Unix-head needs to Windows-ize his Python script (II)

Lawrence D'Oliveiro ldo at geek-central.gen.new_zealand
Wed Oct 27 19:54:03 EDT 2010


In message <pan.2010.10.27.01.12.21.766000 at nowhere.com>, Nobody wrote:

> On Wed, 27 Oct 2010 13:46:28 +1300, Lawrence D'Oliveiro wrote:
> 
>> Why would you want both CLI and GUI functions in one program?
> 
> An obvious example was the one which was being discussed, i.e. the Python
> interpreter.

But the Python interpreter has no GUI.

> Depending upon the "script", it may need to behave as a command-line
> utility (read argv, do stuff, exit), a terminal-based interactive program,
> a GUI program, a network server, or whatever.

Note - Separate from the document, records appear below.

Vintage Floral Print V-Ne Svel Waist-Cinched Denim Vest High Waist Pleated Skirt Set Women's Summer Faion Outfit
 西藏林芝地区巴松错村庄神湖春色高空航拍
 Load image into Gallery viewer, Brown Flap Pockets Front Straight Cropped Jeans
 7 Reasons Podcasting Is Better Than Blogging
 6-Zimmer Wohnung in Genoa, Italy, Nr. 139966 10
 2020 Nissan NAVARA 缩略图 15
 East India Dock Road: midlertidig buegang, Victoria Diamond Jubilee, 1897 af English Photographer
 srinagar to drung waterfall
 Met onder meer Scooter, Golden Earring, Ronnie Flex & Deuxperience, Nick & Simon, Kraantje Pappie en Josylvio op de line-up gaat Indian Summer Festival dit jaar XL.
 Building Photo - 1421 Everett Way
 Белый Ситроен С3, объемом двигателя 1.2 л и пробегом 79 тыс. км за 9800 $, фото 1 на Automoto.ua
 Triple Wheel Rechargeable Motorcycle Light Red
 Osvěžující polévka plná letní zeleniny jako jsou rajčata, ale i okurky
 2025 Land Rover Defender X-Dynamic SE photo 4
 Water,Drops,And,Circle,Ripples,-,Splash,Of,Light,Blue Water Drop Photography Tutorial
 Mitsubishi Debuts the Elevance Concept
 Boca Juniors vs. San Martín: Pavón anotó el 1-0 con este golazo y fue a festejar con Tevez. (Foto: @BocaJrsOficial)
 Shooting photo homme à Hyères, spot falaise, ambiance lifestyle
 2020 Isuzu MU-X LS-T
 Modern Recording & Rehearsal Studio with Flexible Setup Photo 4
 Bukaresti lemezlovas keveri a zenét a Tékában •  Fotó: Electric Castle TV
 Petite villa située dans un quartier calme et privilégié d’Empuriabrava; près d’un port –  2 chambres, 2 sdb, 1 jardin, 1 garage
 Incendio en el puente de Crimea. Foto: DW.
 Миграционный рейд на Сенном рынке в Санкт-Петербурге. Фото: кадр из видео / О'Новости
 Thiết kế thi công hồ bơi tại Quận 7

For all the sense your argument makes, you might as well say the same thing 
about the C run-time library.

> Forcing a program to choose between the two means that we need both
> python.exe and pythonw.exe.

And yet we get by just fine without this dichotomy on more rationally-
designed operating systems.

> A less obvious example is a program designed to use whatever interface
> facilities are available. E.g. XEmacs can use either a terminal or a GUI
> or both.

And yet it manages this just fine, without Amiga-style invocation hacks, on 
more rationally-designed operating systems. How is that?